Task :: Using the data below, print exactly the line with "A ceramic bowl", the line with "Sunlight and Shadow", and every line between them, but none of the pictures.

Supplied material ::
————
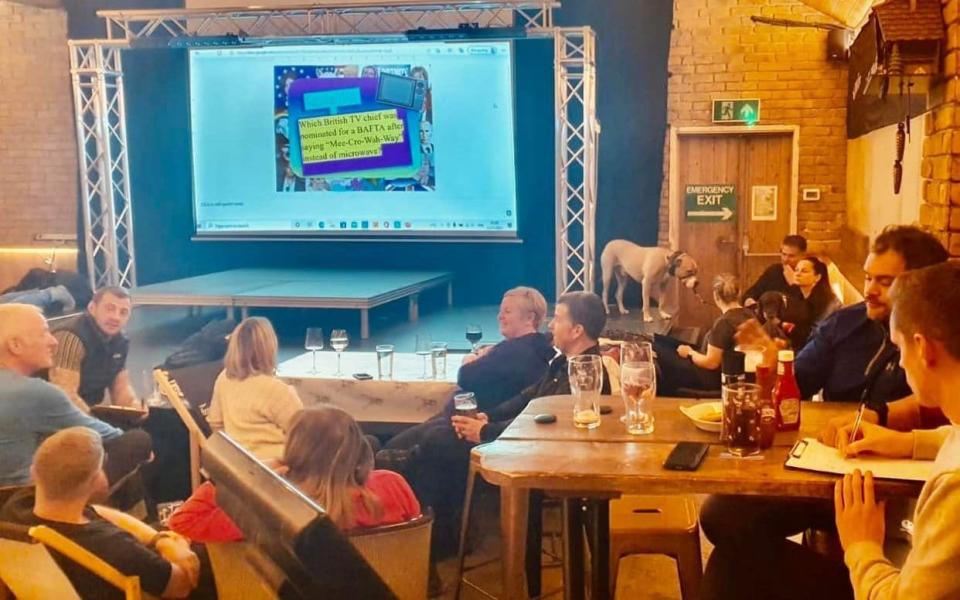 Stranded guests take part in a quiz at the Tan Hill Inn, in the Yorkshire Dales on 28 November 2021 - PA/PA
————
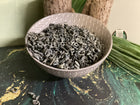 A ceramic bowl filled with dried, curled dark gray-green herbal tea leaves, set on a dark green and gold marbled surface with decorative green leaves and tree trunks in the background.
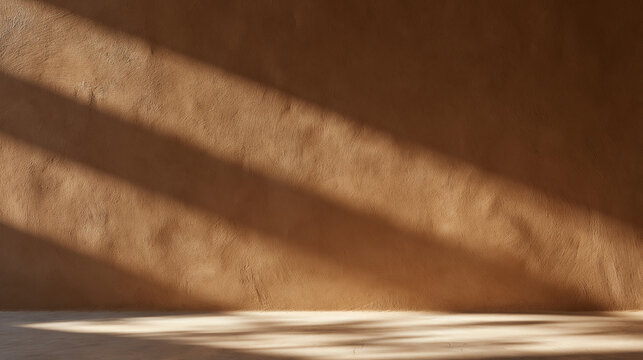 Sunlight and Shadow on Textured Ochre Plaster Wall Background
————
Task response ::
 A ceramic bowl filled with dried, curled dark gray-green herbal tea leaves, set on a dark green and gold marbled surface with decorative green leaves and tree trunks in the background.
 Sunlight and Shadow on Textured Ochre Plaster Wall Background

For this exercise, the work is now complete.